The quiet revolution in modern technology is not happening in distant data centers humming with servers. It is happening at the edges of networks, where drones scan forests, robots glide through warehouses, and sensors watch over city streets. These devices are no longer just collecting information. Increasingly, they are expected to decide what that information means, and to do so instantly, without waiting for instructions from faraway computers.
This shift toward edge computing promises faster responses, lower energy use, and greater independence from centralized systems. But it also exposes a stubborn problem. The intelligence we want these small devices to have is growing rapidly, while the space, power, and memory inside them remain painfully limited.
The result is a technological tension that has shaped how artificial intelligence works outside the cloud. And now, researchers at Duke University believe they may have found a way to release it.
The Weight of Intelligence in Tiny Machines
Modern AI models are powerful because they are large. They rely on vast collections of numerical values, called model weights, that guide how data is interpreted. These weights allow an AI system to recognize images, understand signals, or make decisions based on patterns.

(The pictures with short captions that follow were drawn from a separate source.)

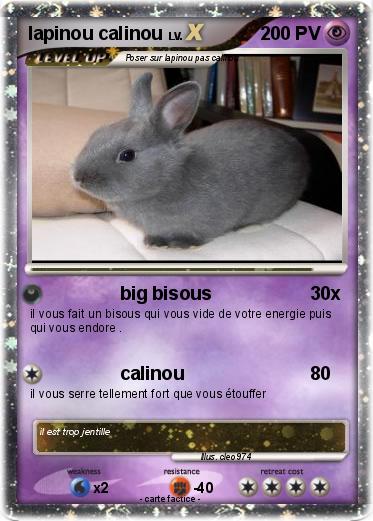 Pokemon lapinou calinou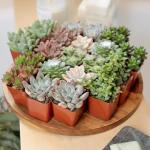 20-Pack Live Succulent Plants for Your Home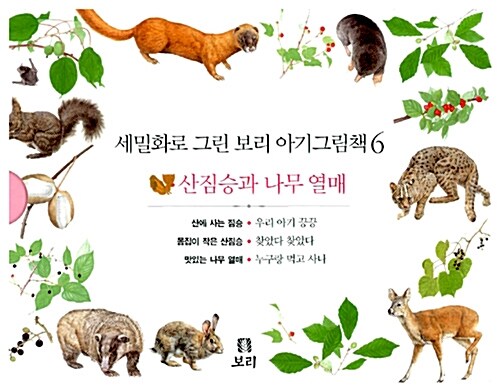 [중고] 세밀화로 그린 보리 아기그림책 6 - 전3권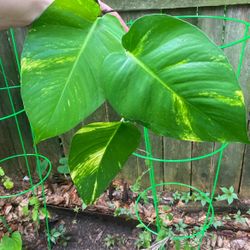 Giant (or Tiny!) Golden Hawaiian Queen Pothos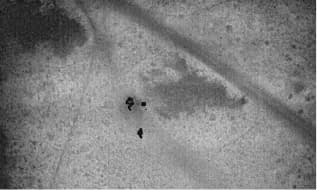 Locate people and animals in the dark rapidly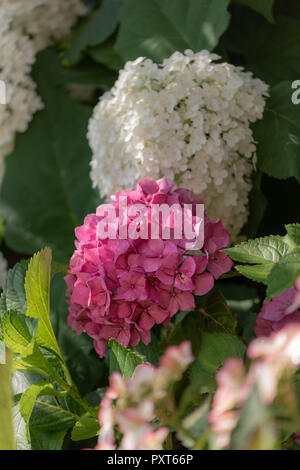 Farbe outdoor Blumen Makro einer einzigen Blüte pink hydrangea/hortensia Blüte vor einer üppigen weißen mit Blüten und Blätter, sonnigen Tag Stockfoto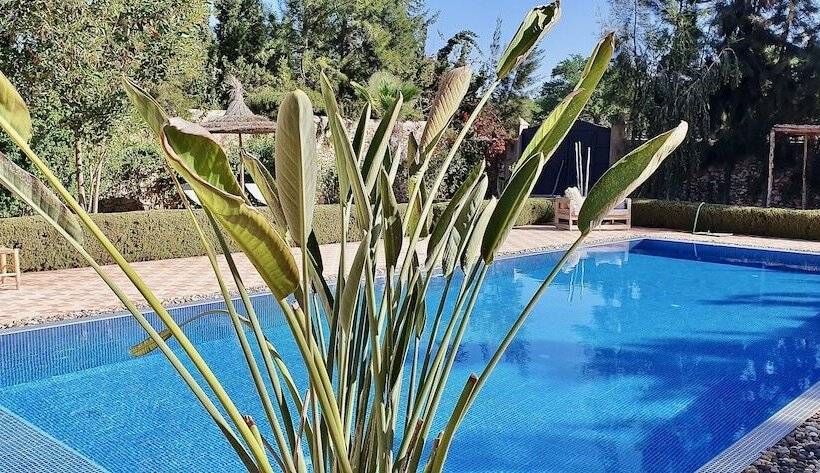 بنسيون La Maison Des Ailleurs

For a small, battery-powered device, carrying all of that intelligence is a heavy burden. Storing an entire AI model locally demands memory the device may not have. Running it digitally requires continuous computation, draining batteries and generating heat.
There has long been an escape route. Instead of running the model on the device, the data can be sent to the cloud, processed there, and returned with an answer. This avoids hardware limitations, but at a cost. The back-and-forth introduces delay, consumes energy through wireless transmission, and raises concerns about security and reliability.
Engineers have learned to live with these trade-offs. But they are far from ideal, especially as devices are asked to respond faster and operate longer in the field. The question has lingered for years. Is there a way to give edge devices access to powerful AI without forcing them to carry its full weight?
A Third Path Appears in the Air
The answer proposed by Duke researchers does not sit on a chip or in a server. It travels through the air.
Their approach, called Wireless Smart Edge networks, or WISE, offers a third option that avoids the pitfalls of both local storage and cloud offloading. Instead of loading AI models onto devices or sending data away for processing, WISE embeds the intelligence directly into radio waves transmitted from nearby base stations.
In this system, a base station holds the full AI model. It broadcasts a radio frequency signal that encodes the model’s weight values. Edge devices receive this signal and combine it with their own input data. The key insight is that part of the AI computation happens naturally during this interaction, without ever being translated into digital code.
The research, published online in Science Advances on January 9, is led by Tingjun Chen, the Nortel Networks Assistant Professor of Electrical and Computer Engineering at Duke University, in collaboration with Dirk Englund’s team at the MIT Research Laboratory of Electronics.
It is an idea that reframes what wireless communication can do. Instead of merely delivering data, the network itself becomes a participant in the computation.
Letting Physics Do the Math
At the heart of WISE is a concept known as in-physics analog computing. To understand its significance, it helps to consider how most computing works today.
Traditional digital computing relies on binary code, reducing information to ones and zeros. Data is shuttled into a processor, where long sequences of mathematical operations are executed step by step. This method is reliable and precise, but it is not gentle on small devices with limited energy.
In-physics computing takes a different approach. Rather than forcing every calculation through a digital processor, it allows the natural behavior of physical systems to perform part of the math.
In WISE, when the broadcast radio signal reaches an edge device, its existing radio hardware goes to work. Components such as passive frequency mixers combine the incoming signal with the device’s own data. This mixing process can approximate the multiplication operation that lies at the core of most deep learning models.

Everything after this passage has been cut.